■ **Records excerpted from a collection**
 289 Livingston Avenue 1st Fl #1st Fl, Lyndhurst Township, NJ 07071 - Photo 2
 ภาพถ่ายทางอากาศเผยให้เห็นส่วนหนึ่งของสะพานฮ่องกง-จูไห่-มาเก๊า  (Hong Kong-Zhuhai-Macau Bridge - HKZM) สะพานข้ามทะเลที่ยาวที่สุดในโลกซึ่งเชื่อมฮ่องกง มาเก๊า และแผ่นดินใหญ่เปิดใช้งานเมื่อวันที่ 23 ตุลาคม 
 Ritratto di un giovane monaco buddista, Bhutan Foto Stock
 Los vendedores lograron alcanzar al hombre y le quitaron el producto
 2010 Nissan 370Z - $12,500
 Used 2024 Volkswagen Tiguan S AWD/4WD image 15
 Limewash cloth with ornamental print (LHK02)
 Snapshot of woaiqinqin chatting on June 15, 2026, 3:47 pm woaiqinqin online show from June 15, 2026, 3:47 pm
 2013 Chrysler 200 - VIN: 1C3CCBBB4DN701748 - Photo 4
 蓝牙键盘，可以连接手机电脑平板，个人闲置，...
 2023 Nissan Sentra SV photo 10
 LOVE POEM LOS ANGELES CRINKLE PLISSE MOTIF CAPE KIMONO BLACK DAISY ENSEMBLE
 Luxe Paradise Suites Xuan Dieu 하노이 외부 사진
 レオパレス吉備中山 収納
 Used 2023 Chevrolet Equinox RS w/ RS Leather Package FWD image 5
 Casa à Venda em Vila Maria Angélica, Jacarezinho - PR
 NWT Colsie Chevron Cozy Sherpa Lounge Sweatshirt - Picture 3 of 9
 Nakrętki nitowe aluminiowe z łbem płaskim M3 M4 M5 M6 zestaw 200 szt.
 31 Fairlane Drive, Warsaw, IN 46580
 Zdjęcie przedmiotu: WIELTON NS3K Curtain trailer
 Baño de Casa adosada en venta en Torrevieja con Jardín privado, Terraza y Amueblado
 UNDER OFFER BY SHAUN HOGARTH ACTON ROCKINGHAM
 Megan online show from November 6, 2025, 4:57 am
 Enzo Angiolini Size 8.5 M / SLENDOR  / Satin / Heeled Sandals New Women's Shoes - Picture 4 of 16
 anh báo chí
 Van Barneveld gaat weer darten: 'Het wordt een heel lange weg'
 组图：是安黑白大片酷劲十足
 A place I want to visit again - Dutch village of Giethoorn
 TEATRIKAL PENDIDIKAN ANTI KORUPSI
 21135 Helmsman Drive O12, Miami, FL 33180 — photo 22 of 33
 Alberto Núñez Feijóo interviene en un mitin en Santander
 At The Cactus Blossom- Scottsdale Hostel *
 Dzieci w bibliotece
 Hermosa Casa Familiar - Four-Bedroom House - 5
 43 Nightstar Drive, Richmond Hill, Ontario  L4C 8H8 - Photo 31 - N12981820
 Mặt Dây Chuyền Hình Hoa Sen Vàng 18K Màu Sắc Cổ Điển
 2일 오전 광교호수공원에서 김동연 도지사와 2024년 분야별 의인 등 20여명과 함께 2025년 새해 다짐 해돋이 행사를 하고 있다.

■ **What you will do**
Extract exactly the leading lines of the data, stopping at and including the line with "蓝牙键盘，可以连接手机电脑平板，个人闲置，...".

■ **Reply**
 289 Livingston Avenue 1st Fl #1st Fl, Lyndhurst Township, NJ 07071 - Photo 2
 ภาพถ่ายทางอากาศเผยให้เห็นส่วนหนึ่งของสะพานฮ่องกง-จูไห่-มาเก๊า  (Hong Kong-Zhuhai-Macau Bridge - HKZM) สะพานข้ามทะเลที่ยาวที่สุดในโลกซึ่งเชื่อมฮ่องกง มาเก๊า และแผ่นดินใหญ่เปิดใช้งานเมื่อวันที่ 23 ตุลาคม 
 Ritratto di un giovane monaco buddista, Bhutan Foto Stock
 Los vendedores lograron alcanzar al hombre y le quitaron el producto
 2010 Nissan 370Z - $12,500
 Used 2024 Volkswagen Tiguan S AWD/4WD image 15
 Limewash cloth with ornamental print (LHK02)
 Snapshot of woaiqinqin chatting on June 15, 2026, 3:47 pm woaiqinqin online show from June 15, 2026, 3:47 pm
 2013 Chrysler 200 - VIN: 1C3CCBBB4DN701748 - Photo 4
 蓝牙键盘，可以连接手机电脑平板，个人闲置，...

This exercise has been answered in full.